_What to work on_
Please keep pictures out of the copy, and print exactly the lines from the one containing "Hello and welcome" through the end of the records.

(Records contained in a dataset)

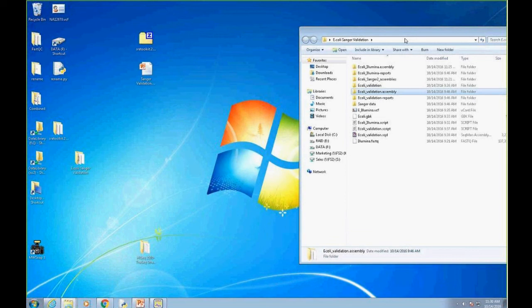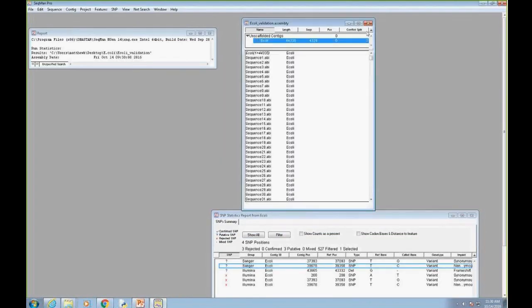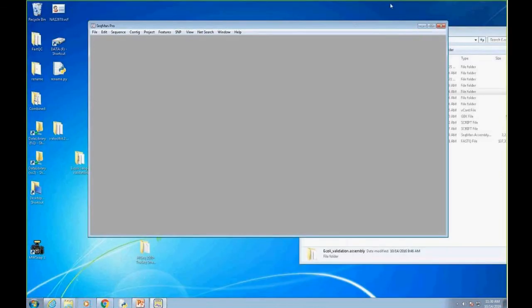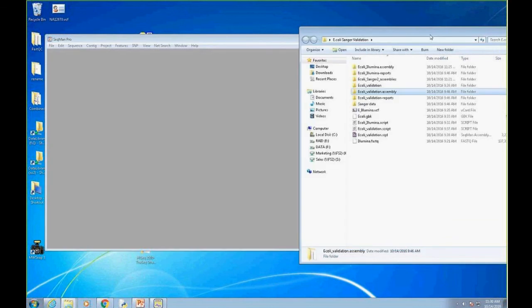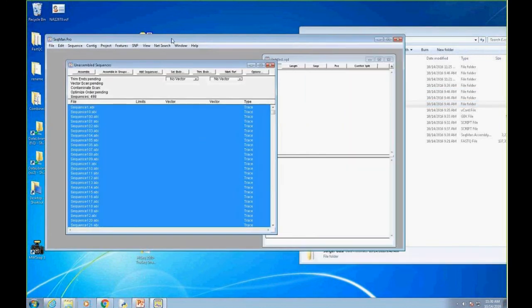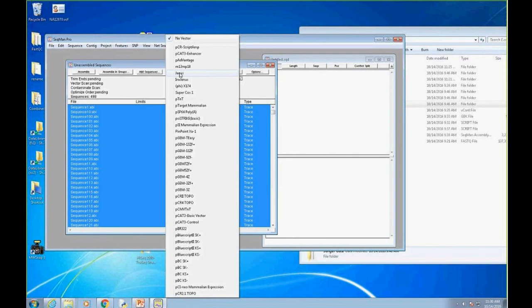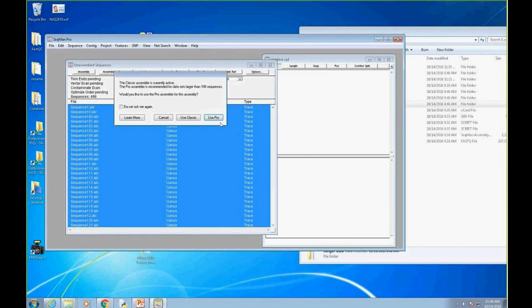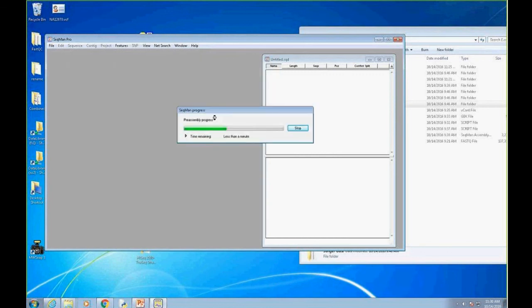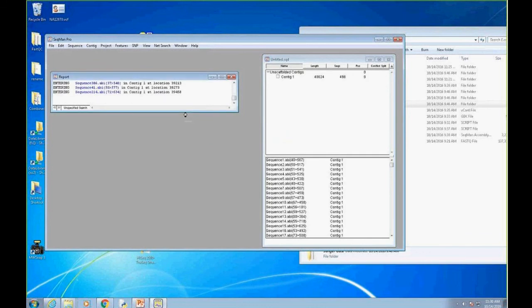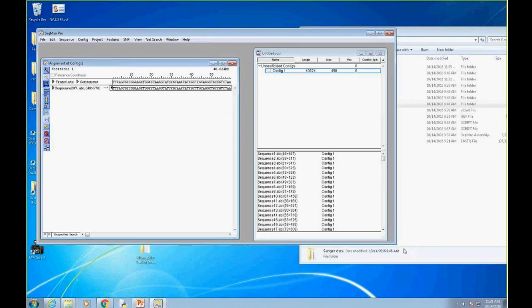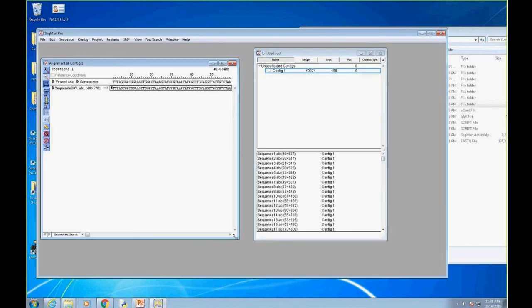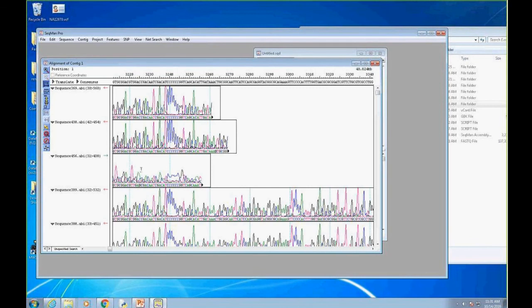The next question is, what if I only have Sanger data? Do I use SeqMan NGen to assemble that? You could, but we also have SeqMan Pro, where we're bridging NGS and our classic molecular biology tools. SeqMan Pro alone is great for aligning Sanger data. I can open SeqMan Pro and drag this folder of 500 Sanger reads. I can bring them into SeqMan Pro and it's got its own great assembler. This is a de novo assembly of those reads. It's an extremely powerful Sanger assembly algorithm. I can look at all the peaks and generate a consensus.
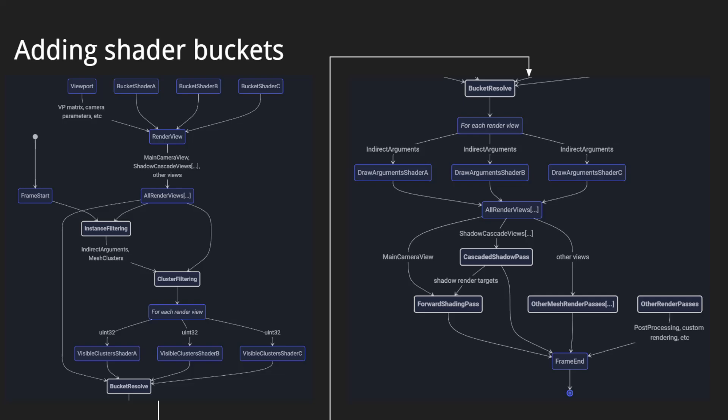Here's a diagram illustrating how it fits into the rendering pipeline. Each render view has a viewport and a list of buckets with one bucket per shader. Render view data goes to instance filtering, which then goes to cluster filtering. Cluster filtering atomically appends visible cluster indices for each view into the corresponding shader bucket. Then it goes through the bucket resolve, which generates indirect dispatch arguments. These go directly into the render passes, and each render pass decides individually what to do with them — for example, the cascaded shadow pass renders once per shadow cascade, and the forward shading pass does a depth pre-pass followed by a forward shading pass.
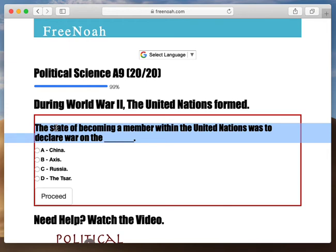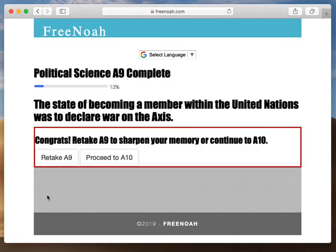The state of becoming a member within the United Nations was to declare war on the Axis. I gave you the answer to this in my previous video. The United States entered the war in 1941 when they were attacked by Japanese military air force fleets. Once we saw that there was a threat at our doorstep,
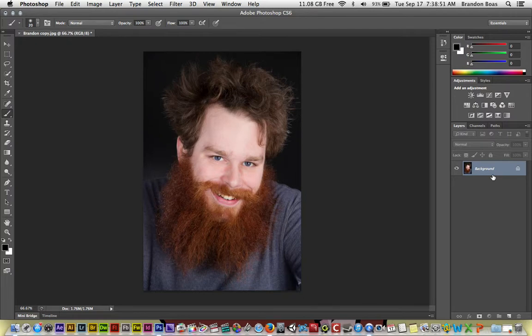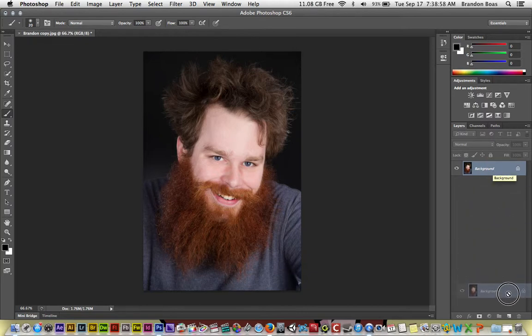Hello and welcome to a tutorial on how to set black and white points. First off, we're going to click and drag on our background layer and make a duplicate copy by hovering over the new layer icon.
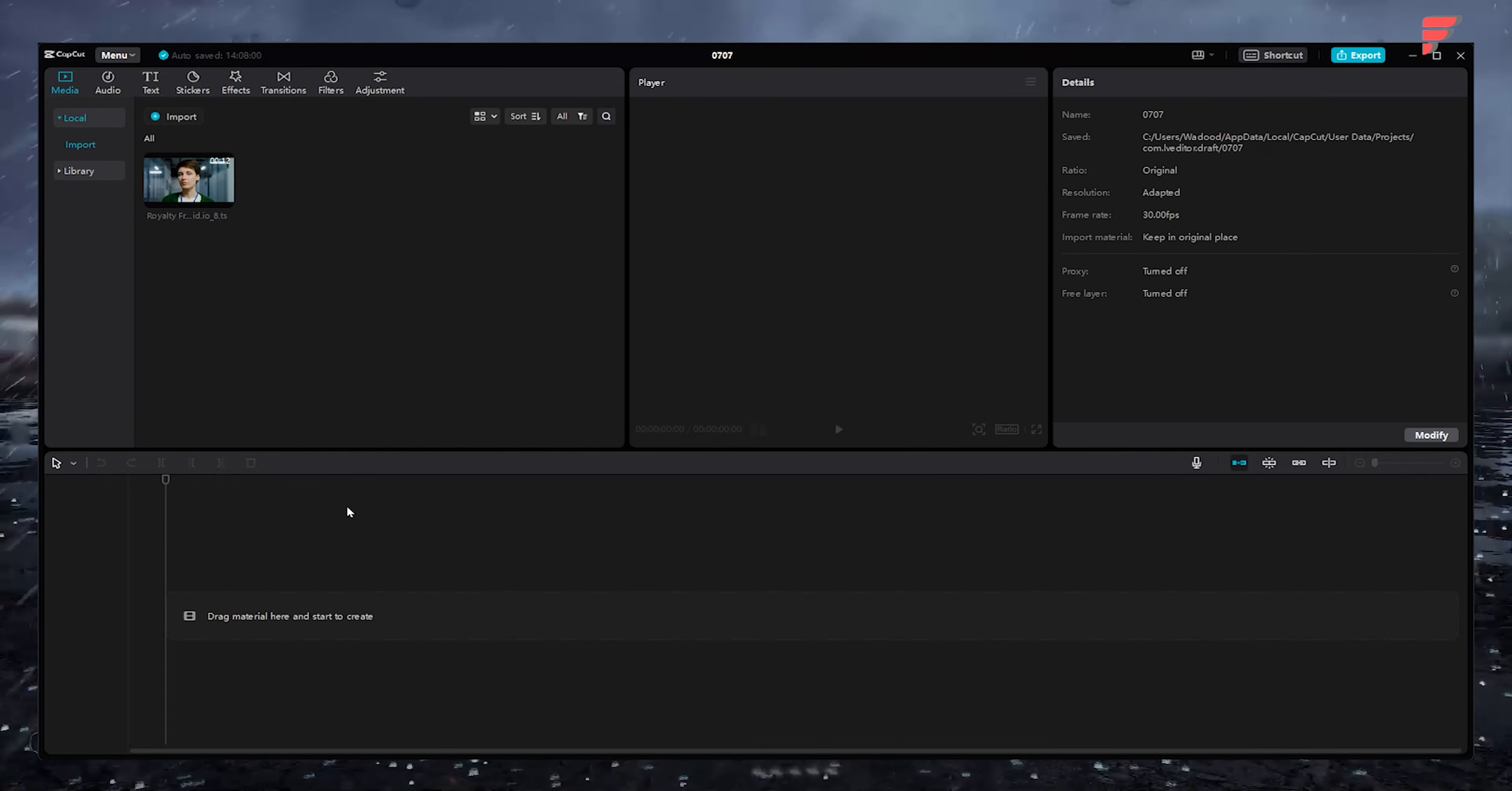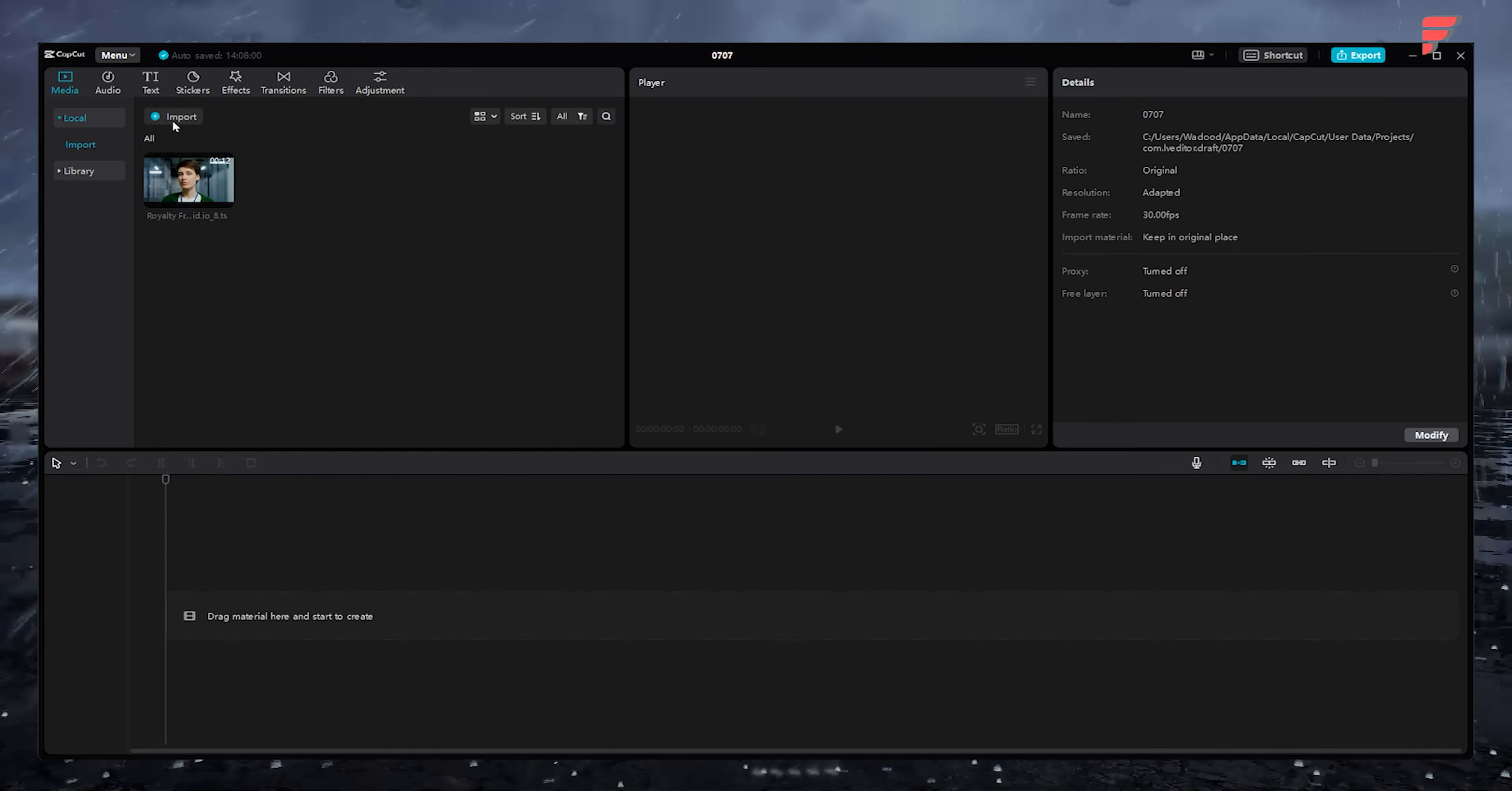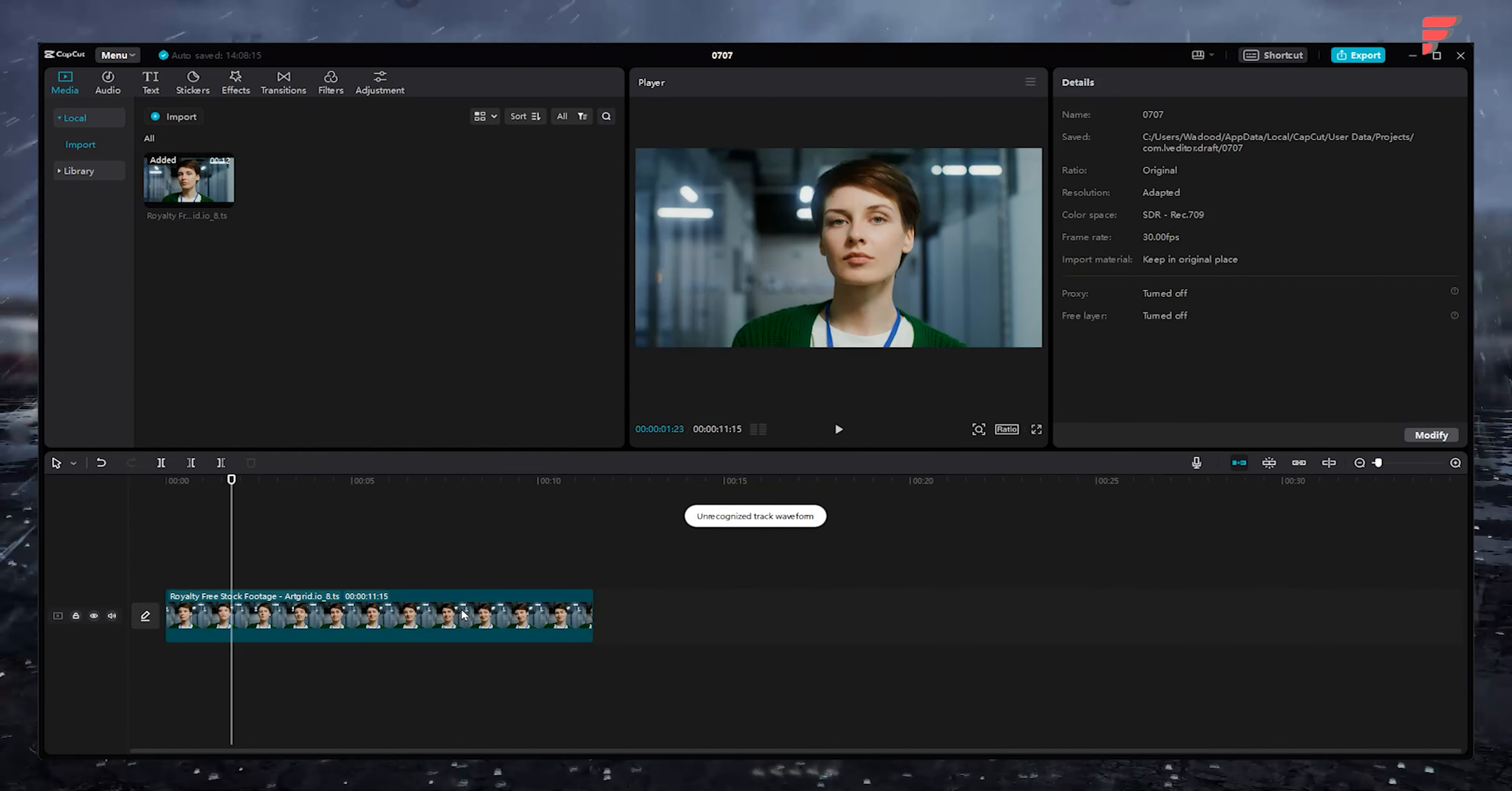To remove the background from a video clip, first open CapCut on your PC. Once opened, add the video clip or clips to the app by importing or dragging. Now add the video clip to the timeline.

_Solved problem_
Hello and welcome to a tutorial on how to set black and white points. First off, we're going to click and drag on our background layer and make a duplicate copy by hovering over the new layer icon.
To remove the background from a video clip, first open CapCut on your PC. Once opened, add the video clip or clips to the app by importing or dragging. Now add the video clip to the timeline.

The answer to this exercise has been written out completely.